__TASK INPUTS__.
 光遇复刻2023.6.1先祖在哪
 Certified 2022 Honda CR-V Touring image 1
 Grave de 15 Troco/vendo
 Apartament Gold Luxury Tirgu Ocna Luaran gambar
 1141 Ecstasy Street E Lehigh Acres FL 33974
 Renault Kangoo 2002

--

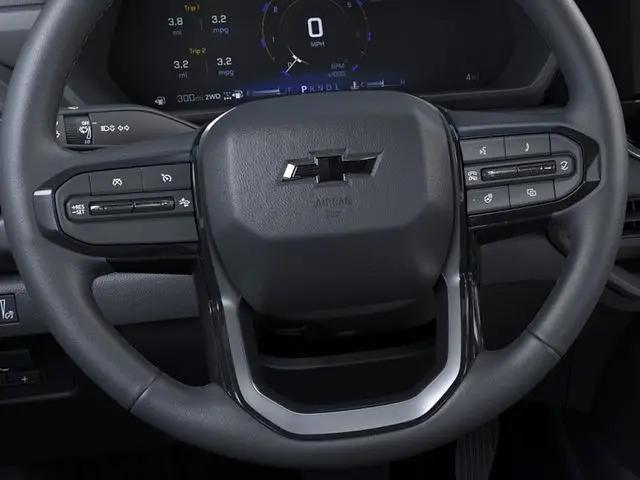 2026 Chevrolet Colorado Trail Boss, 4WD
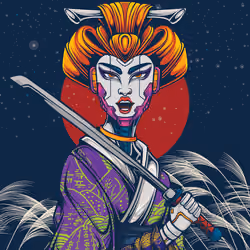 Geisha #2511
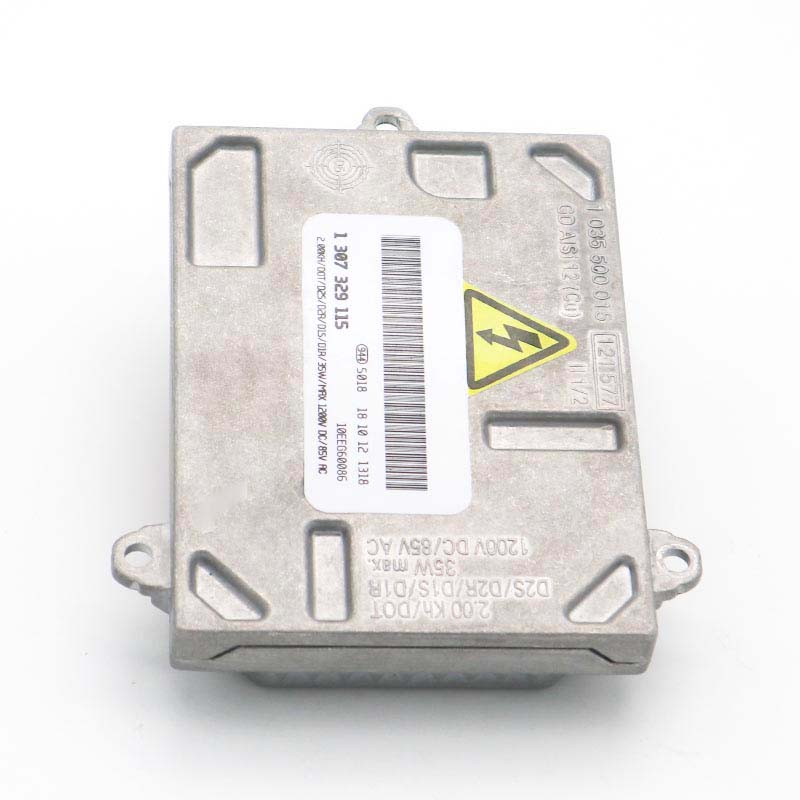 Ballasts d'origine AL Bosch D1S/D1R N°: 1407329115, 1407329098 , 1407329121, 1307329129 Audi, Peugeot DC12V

* * *

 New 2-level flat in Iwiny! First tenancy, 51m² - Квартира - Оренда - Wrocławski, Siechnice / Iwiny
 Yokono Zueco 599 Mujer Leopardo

__REQUIRED WORK__.
Reproducing the whole listing above is not the task. Copy exactly only the lines from the one with "New 2-level flat" to the one with "Yokono Zueco 599 Mujer Leopardo", both kept.

__REPLY TO THE TASK__.
 New 2-level flat in Iwiny! First tenancy, 51m² - Квартира - Оренда - Wrocławski, Siechnice / Iwiny
 Yokono Zueco 599 Mujer Leopardo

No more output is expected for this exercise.